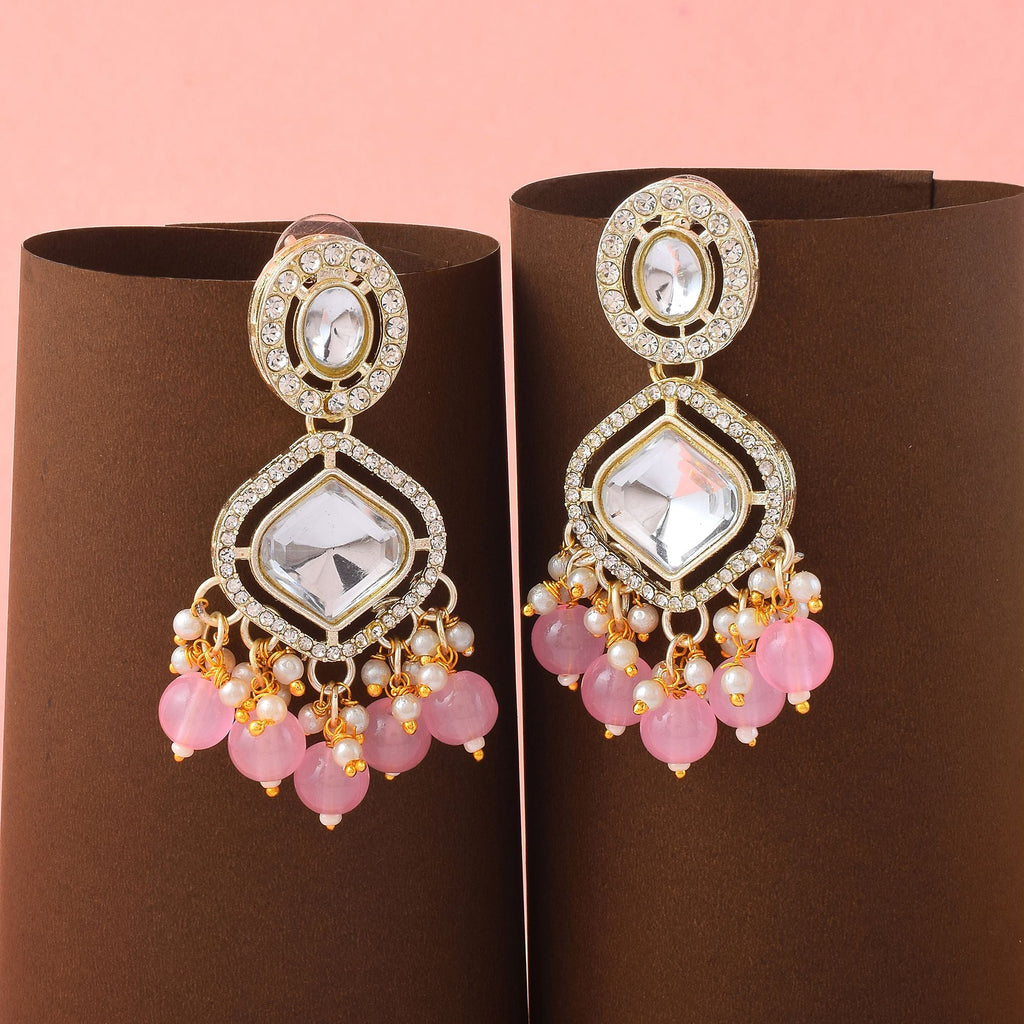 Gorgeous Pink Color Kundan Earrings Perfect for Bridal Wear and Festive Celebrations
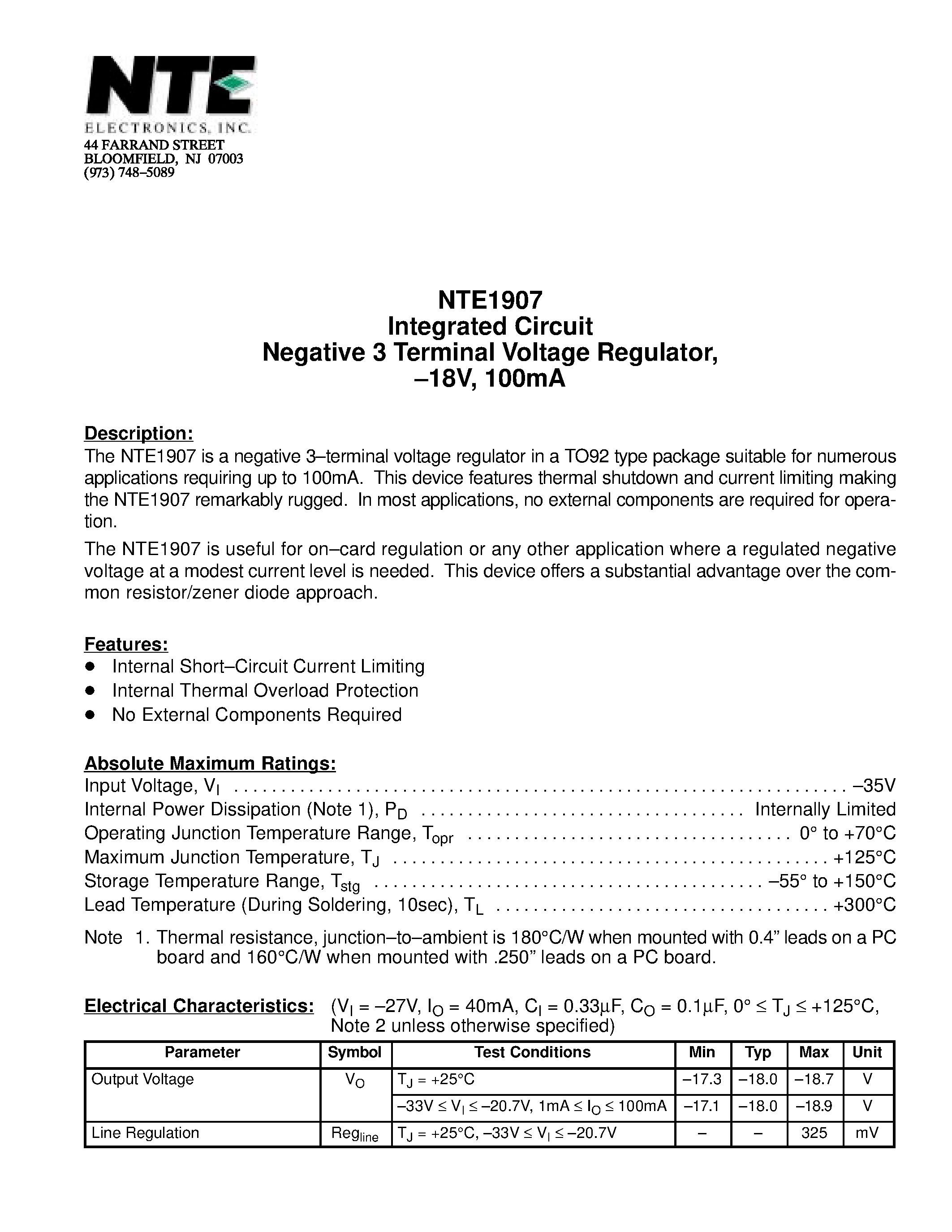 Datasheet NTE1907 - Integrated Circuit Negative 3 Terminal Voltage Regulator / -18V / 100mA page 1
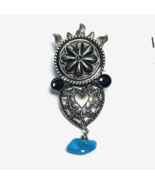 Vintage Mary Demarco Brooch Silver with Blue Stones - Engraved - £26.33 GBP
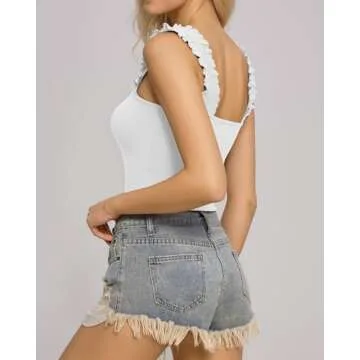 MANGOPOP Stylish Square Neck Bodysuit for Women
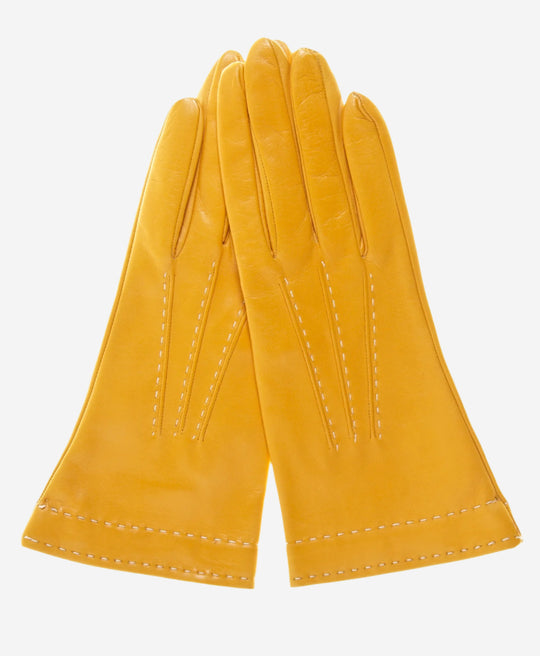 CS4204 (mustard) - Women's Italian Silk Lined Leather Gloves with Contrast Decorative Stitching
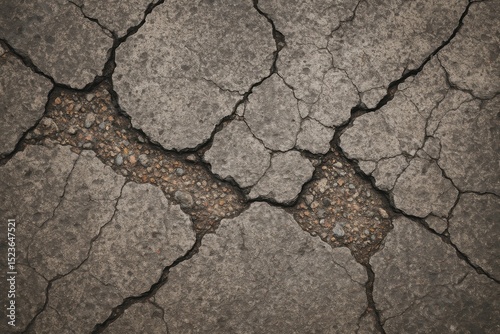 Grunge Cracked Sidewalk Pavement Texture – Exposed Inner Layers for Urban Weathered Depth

---

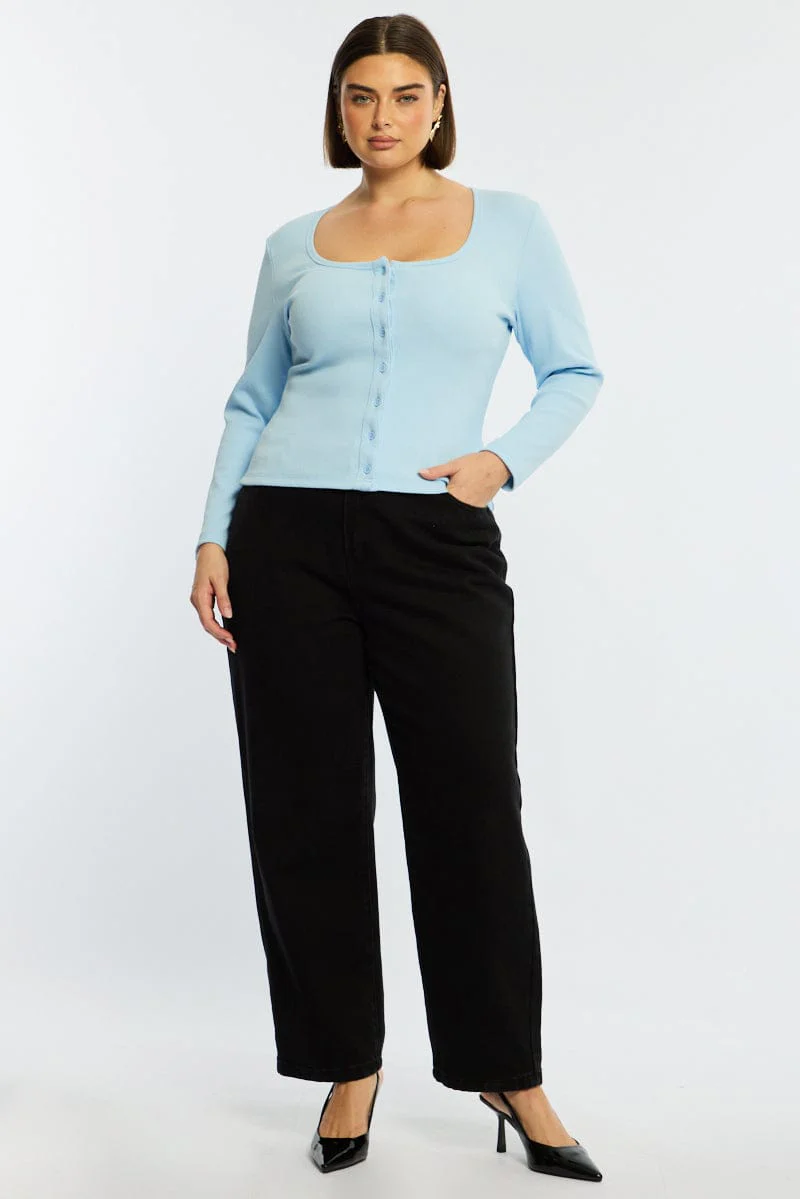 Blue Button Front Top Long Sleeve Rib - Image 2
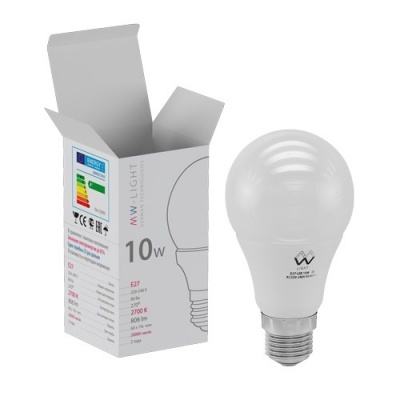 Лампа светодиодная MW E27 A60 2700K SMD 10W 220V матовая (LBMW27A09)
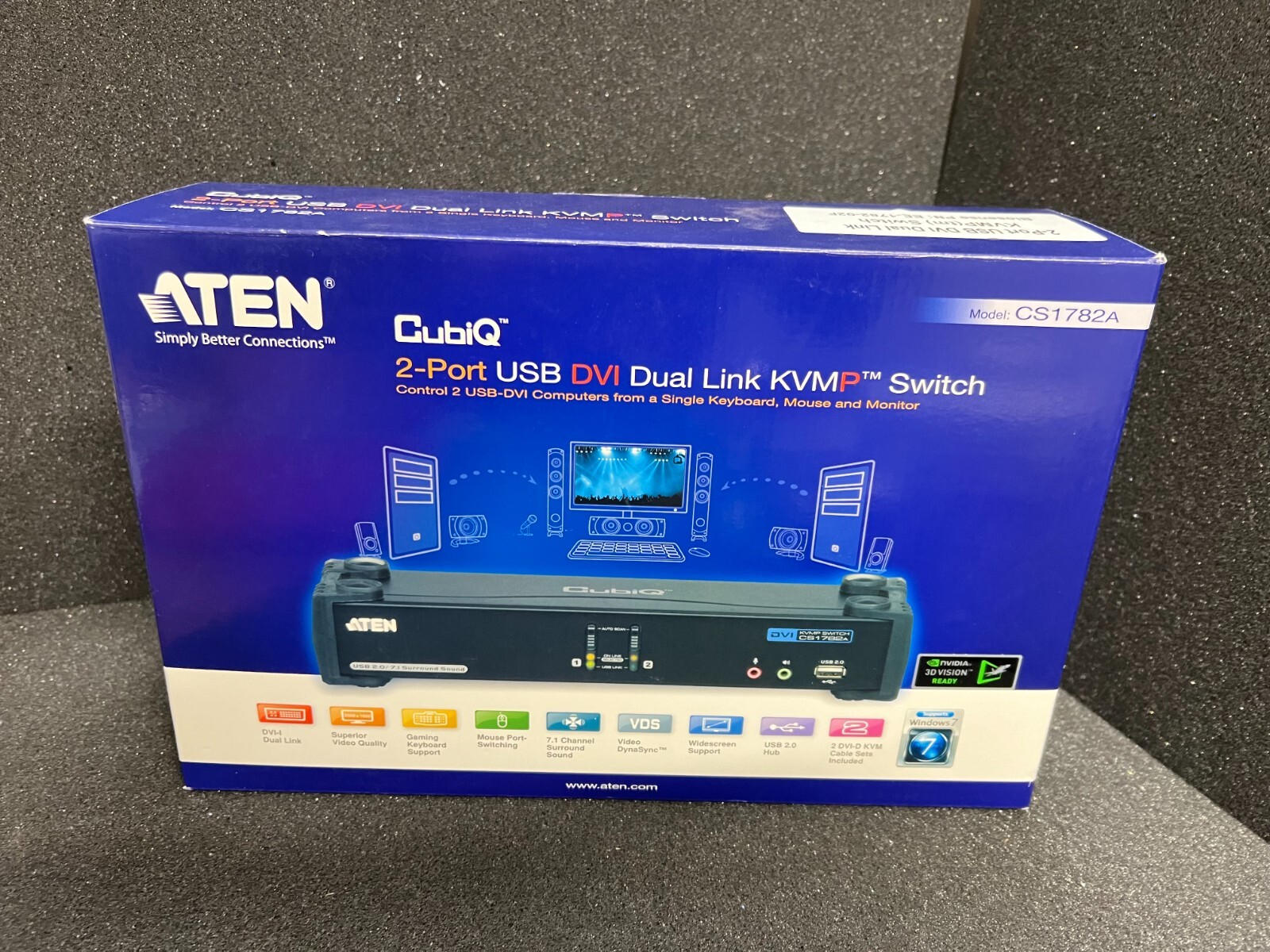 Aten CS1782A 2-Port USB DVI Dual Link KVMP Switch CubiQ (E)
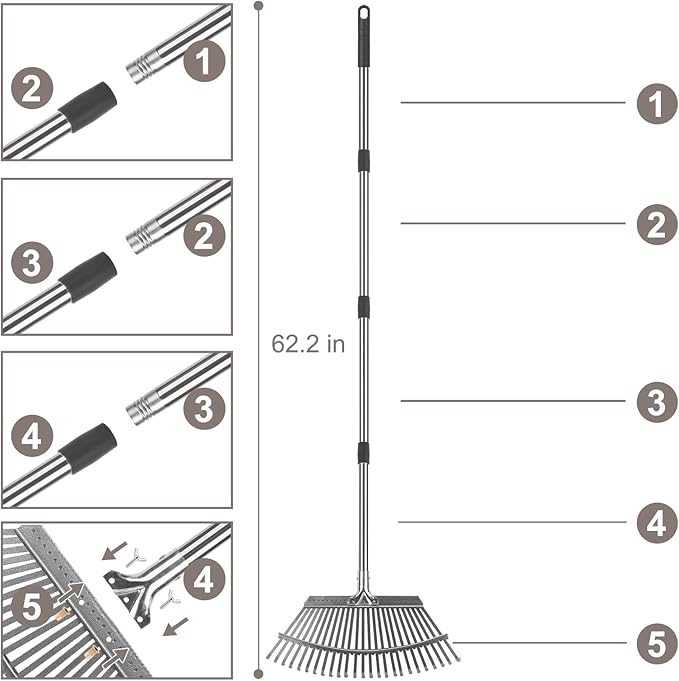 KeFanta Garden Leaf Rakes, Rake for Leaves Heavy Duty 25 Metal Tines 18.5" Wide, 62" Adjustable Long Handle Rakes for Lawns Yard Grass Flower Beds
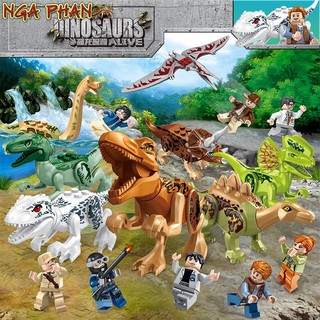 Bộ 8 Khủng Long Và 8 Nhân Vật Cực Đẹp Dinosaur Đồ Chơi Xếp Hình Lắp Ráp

* Work instruction
An exact copy of the lines above from the one with "Gorgeous Pink Color" up to and including the one with "Grunge Cracked Sidewalk" is required; reproduce only those lines, omitting all pictures.

* Output for this exercise
 Gorgeous Pink Color Kundan Earrings Perfect for Bridal Wear and Festive Celebrations
 Datasheet NTE1907 - Integrated Circuit Negative 3 Terminal Voltage Regulator / -18V / 100mA page 1
 Vintage Mary Demarco Brooch Silver with Blue Stones - Engraved - £26.33 GBP
 MANGOPOP Stylish Square Neck Bodysuit for Women
 CS4204 (mustard) - Women's Italian Silk Lined Leather Gloves with Contrast Decorative Stitching
 Grunge Cracked Sidewalk Pavement Texture – Exposed Inner Layers for Urban Weathered Depth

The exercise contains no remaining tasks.